# 7 Tipping Points that Saved the World



## Eoghan (Aug 29, 2011)

The Miracle of Freedom – Seven Tipping Points That Saved the World
ISBN-13 978-1-60641-951-9 (currently only hardback)
The narrative is not straightforward but intermixed with background and explanation. At the outset of the book the life story of an Egyptian slave (1876 BC) and a villager in China (230 BC) are given. This is the central tenet of the book. (p1-5) Most of humanity has lived under the arbitrary rule of kings and tyrants. The rule of law by which I mean the uniform application of rules to “rulers and ruled alike”. For a Christian it speaks to providence outside of the canon of scripture. We should be aware that God is still working in history, not that we can always be certain that we see His hand correctly but that it is there none the less.

In closing the authors pose a question, “What is the natural state of mankind?” (p281) Is it the Third Reich or democratic government. Sadly Fallen human nature tends to the former (or worse).

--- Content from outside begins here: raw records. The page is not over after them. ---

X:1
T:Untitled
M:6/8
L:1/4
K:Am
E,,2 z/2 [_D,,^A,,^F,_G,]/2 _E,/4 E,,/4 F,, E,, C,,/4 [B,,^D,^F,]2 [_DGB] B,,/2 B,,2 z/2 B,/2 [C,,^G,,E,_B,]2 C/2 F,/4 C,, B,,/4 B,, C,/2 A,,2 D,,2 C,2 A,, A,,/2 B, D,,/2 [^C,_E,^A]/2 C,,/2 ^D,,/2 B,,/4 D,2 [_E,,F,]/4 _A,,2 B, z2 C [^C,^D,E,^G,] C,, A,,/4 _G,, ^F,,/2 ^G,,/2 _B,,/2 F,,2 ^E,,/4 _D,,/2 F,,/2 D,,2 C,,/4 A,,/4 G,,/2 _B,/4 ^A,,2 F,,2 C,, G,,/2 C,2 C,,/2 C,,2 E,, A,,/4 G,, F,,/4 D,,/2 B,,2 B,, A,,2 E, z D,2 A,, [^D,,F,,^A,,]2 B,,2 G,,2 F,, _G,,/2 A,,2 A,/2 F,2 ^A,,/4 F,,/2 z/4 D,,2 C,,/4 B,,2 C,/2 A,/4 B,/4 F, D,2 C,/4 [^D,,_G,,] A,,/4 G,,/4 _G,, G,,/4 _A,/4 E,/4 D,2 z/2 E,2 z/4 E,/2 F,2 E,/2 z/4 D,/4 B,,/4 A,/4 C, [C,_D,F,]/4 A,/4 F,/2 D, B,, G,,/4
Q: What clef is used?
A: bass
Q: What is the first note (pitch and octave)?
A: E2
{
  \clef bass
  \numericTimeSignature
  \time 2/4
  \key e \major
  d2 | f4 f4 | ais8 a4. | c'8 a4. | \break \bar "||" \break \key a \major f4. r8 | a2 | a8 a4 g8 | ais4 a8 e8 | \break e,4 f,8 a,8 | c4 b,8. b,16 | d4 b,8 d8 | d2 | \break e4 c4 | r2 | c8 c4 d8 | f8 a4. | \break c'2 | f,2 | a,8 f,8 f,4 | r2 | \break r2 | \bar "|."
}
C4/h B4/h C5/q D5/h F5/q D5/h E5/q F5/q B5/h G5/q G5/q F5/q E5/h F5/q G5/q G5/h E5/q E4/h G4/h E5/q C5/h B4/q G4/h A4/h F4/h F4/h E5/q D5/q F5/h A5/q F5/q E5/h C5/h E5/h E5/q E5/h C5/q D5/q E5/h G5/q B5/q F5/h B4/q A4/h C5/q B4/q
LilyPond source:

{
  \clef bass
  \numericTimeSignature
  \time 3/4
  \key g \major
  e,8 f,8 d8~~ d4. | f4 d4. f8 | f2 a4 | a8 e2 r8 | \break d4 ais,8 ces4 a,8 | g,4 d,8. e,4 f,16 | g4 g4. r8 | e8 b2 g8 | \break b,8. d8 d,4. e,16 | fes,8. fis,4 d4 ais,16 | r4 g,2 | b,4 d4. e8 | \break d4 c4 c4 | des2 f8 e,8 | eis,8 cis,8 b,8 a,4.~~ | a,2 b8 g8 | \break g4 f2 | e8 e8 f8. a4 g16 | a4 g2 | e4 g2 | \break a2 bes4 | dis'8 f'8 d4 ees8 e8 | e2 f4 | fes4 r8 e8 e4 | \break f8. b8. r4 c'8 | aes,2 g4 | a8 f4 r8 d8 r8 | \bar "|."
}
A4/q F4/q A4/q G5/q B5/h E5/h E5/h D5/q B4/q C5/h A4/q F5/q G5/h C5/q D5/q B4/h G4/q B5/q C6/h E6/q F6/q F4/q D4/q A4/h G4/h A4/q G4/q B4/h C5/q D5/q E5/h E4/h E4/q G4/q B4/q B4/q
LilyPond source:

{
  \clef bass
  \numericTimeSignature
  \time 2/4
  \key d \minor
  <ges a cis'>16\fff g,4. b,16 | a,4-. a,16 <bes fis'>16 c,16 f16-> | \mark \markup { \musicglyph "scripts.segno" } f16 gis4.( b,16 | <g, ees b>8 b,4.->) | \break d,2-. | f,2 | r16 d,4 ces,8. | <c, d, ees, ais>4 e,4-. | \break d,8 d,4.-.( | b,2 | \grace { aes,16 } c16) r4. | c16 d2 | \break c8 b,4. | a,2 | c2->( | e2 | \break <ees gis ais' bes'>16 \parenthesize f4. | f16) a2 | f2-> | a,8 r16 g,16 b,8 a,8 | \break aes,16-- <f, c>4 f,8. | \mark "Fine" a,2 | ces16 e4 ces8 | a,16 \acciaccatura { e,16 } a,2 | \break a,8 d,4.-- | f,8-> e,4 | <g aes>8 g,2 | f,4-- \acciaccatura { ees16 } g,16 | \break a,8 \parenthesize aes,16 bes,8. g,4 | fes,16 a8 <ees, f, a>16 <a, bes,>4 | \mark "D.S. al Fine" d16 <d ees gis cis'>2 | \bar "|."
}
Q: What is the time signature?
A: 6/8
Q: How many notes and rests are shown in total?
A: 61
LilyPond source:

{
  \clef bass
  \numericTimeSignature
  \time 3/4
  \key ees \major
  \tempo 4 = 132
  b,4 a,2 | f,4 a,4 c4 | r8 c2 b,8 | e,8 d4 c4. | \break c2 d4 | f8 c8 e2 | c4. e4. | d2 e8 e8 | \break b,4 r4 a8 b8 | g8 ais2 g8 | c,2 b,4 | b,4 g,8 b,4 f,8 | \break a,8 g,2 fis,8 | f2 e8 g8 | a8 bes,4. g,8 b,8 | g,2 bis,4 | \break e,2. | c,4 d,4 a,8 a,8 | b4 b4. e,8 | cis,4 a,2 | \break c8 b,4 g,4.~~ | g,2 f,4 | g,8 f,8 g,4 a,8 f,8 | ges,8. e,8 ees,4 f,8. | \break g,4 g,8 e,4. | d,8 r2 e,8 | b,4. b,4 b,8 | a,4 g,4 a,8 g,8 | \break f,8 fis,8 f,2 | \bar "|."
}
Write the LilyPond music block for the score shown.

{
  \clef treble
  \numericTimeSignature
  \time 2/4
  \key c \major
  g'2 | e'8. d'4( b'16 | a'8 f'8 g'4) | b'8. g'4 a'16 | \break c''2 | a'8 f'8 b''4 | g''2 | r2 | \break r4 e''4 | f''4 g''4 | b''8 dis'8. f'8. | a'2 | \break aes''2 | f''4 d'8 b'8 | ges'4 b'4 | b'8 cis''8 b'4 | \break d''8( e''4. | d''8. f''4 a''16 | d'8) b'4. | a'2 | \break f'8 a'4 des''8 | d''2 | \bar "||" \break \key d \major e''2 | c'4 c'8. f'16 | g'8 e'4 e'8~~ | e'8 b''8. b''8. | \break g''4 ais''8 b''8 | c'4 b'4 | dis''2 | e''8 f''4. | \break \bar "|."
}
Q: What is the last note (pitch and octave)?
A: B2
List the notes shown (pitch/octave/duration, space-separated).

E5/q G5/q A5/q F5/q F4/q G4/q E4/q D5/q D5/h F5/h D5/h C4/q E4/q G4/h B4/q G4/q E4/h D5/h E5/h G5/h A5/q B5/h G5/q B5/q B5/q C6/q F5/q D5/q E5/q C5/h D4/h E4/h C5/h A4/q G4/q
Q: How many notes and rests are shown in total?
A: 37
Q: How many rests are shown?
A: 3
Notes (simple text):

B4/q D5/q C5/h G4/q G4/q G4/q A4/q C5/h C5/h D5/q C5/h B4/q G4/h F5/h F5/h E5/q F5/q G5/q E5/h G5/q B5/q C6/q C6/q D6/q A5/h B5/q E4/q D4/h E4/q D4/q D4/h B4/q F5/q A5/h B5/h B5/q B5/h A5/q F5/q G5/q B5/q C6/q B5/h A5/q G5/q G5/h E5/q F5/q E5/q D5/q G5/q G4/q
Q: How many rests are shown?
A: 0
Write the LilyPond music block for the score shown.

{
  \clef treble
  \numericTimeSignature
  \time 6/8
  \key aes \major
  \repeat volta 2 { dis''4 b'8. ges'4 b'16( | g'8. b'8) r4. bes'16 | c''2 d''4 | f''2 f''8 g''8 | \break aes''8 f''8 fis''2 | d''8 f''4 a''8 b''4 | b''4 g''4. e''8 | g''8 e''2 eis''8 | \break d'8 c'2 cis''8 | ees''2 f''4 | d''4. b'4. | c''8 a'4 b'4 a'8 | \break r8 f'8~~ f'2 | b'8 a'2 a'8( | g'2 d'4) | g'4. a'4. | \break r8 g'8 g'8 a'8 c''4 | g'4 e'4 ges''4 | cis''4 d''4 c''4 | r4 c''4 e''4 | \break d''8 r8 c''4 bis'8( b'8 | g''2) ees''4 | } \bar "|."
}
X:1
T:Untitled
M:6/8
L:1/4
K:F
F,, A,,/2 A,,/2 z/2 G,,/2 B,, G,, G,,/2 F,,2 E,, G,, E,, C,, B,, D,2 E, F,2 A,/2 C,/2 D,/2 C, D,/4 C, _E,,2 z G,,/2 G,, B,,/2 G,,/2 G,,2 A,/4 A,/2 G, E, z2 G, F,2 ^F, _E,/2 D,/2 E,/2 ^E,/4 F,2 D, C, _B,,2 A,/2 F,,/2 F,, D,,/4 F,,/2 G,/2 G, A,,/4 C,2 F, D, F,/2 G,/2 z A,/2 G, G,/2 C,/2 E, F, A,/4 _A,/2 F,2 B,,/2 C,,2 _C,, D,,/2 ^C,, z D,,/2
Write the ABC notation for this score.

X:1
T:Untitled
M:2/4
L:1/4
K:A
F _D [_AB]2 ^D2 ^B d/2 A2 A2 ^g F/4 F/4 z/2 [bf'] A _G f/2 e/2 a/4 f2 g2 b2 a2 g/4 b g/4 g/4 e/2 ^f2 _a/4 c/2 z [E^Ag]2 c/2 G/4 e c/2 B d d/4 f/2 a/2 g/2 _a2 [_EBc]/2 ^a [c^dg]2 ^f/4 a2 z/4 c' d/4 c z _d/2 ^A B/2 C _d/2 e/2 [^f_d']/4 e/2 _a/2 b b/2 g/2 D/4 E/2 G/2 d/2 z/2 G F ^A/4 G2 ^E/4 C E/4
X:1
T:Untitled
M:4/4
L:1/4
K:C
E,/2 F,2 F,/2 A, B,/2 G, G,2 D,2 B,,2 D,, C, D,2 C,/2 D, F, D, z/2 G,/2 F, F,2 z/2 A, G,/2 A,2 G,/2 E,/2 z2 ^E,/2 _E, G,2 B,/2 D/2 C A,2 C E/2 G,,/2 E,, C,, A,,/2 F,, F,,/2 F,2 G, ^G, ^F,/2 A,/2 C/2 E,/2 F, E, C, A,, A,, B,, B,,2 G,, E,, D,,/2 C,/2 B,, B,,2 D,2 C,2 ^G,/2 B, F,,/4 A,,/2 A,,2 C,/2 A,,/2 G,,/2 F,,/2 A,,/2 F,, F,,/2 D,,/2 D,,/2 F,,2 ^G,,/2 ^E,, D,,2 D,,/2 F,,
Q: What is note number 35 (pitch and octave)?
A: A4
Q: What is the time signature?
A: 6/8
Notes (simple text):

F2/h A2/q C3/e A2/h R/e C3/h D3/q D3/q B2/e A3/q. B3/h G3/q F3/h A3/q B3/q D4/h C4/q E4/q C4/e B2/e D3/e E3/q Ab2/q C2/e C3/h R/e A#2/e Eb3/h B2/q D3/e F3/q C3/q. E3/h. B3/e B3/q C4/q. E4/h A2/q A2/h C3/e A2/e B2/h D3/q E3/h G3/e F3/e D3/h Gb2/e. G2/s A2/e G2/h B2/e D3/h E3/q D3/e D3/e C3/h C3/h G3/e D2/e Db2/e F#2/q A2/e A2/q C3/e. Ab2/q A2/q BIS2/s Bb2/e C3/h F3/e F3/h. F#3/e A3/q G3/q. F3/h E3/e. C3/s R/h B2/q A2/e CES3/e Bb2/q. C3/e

There are several points I thought particularly salient. The explanation of Islamic Sharia as an endpoint rather than a starting point was particularly informative. (p145) The strict muslim takes the view that sharia is the Allah given law. You cannot improve on perfection so there is no need for a parliament or congress or other deliberative or legislative body. 

The other interesting point for a Brit was the strategy of WW2 adopted by fighter command. It was decided at the outset by Sir Hugh Dowding that he would not wage all out war but would attack in small groups. Relentlessly, but in small groups. This made the Wehrmacht overconfident and continue to send their precious bombers. Yes it was accepted that more would get through but Hitler would be misled. Babylon 5 (Yes I am a fan) pointed out in one episode that Churchill after cracking the enigma code chose not to evacuate Birmingham (or was it Manchester) to keep Hitler ignorant of that breach in security. Realising that decisions had to be made that sacrificed lives to save lives is very tough. Sheridan (B5) described Churchill visiting the bombed city the day after “You could see it in his eyes” – the weight of the decision he had to make.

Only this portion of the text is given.